Chapter 1
CHAPTER
ONE
MAGGIE
I didn't want to check on the damned chickens.
Don't get me wrong, I love those feathery mother cluckers with my whole heart. I even put a sparkly disco ball in their coop after being inspired by a chicken influencer, of all things.
It looked cute, for a while, and I think the hens might have noticed it.
The fowl influencer didn't share how quickly the disco ball would be covered in shit.
I guess that's not the aesthetic for social media.
"Maggie May," my grandma calls again, a plaintive note in her voice. "Please go see what's causing that ruckus."
"I'm going, Gran," I call back. "Just gimme a sec to finish this pot," I add under my breath. Soap bubbles cling to my chipped nail polish.
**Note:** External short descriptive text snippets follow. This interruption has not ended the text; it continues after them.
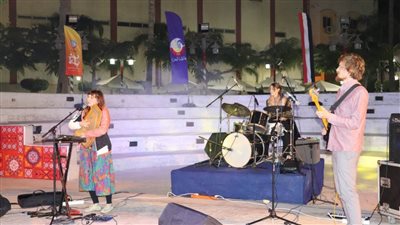 حفل فني لفريق الجاز العالمي على المسرح الروماني وسط إقبال وتفاعل الجمهور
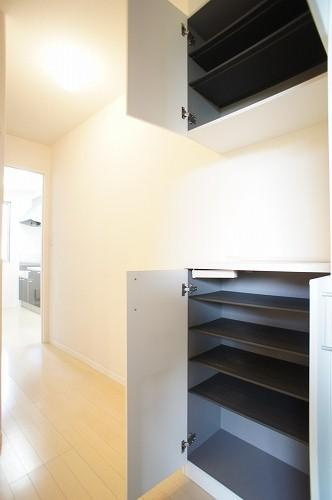 セゾンショコラＢ棟の玄関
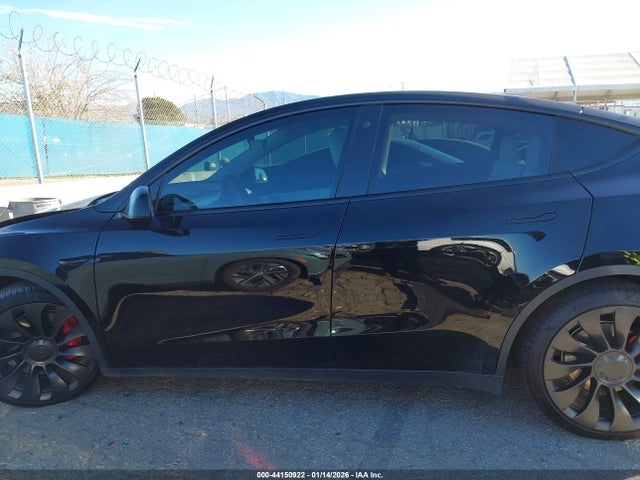7SAYGDEF4NF319027 Tesla Model Y Performance Dual Motor All-wheel Drive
The rice I accidentally burnt while checking my grandma's sugar levels and then making sure she got the right dose of insulin is extremely determined not to budge from the bottom of the pan.
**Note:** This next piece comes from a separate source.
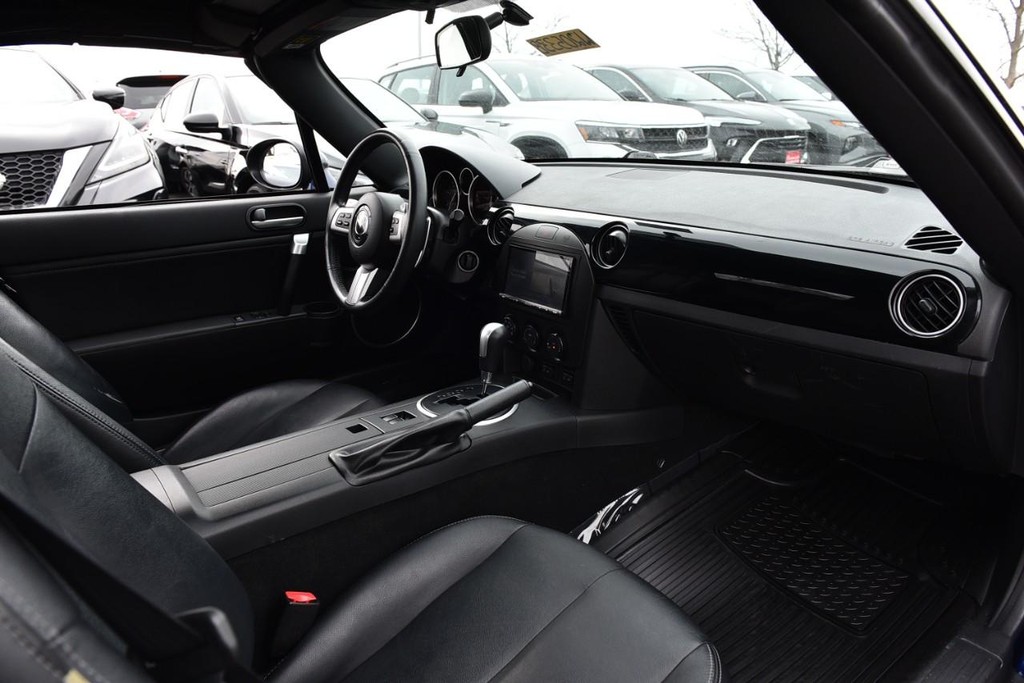 Mazda MX-5 Miata Vehicle Full-screen Gallery Image 12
I pause, the sound of the hens' screeching louder than ever, and shake my head, wiping my soapy hands on the back of my jeans and abandoning the pot in the sink.
"I'll be back," I threaten it.
It doesn't have the audacity to respond, which I'm grateful for because if the pots start talking back, I need to get my gran's old house checked for carbon monoxide again.
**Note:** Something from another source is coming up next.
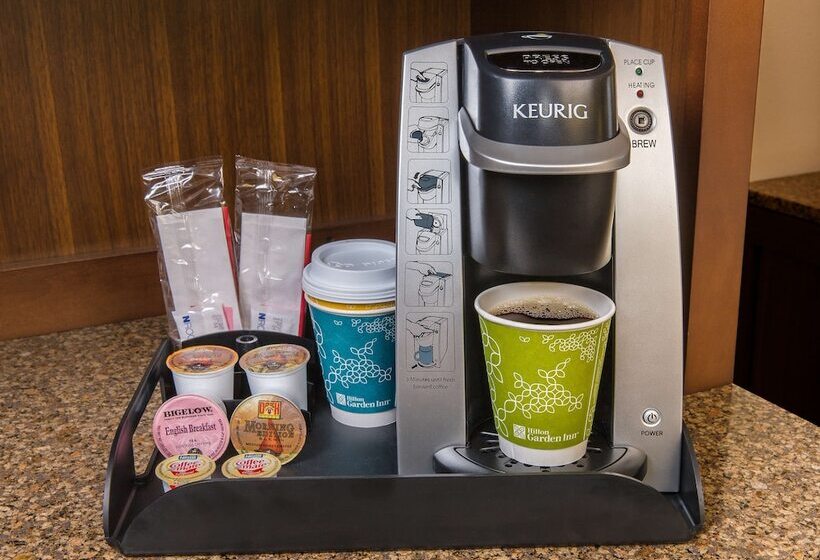 Номер Стандарт, Hilton Garden Inn Riverhead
"Maggie May," my gran calls out again, her voice so feeble it damn near breaks my heart.
"I'm going, Gran." I shove my feet into the serviceable if heinous muck boots by the back door, and the screen slams behind me, the night air damp and warm.
The sole goose of Gran's flock honks noisily, a sure sign the chickens aren't just throwing a hen party.
Something is definitely riling them up.
I grab the shotgun from where my grandma insists on keeping it on the freakin' porch table, and with the gun in one hand and the huge, heavy flashlight in the other, I march my butt down the dirt path to the chicken coop.
I have zero intention of killing anything, but best believe if that damned fox is terrorizing my chickens, I will fire it. In the air. Safely away from the animal.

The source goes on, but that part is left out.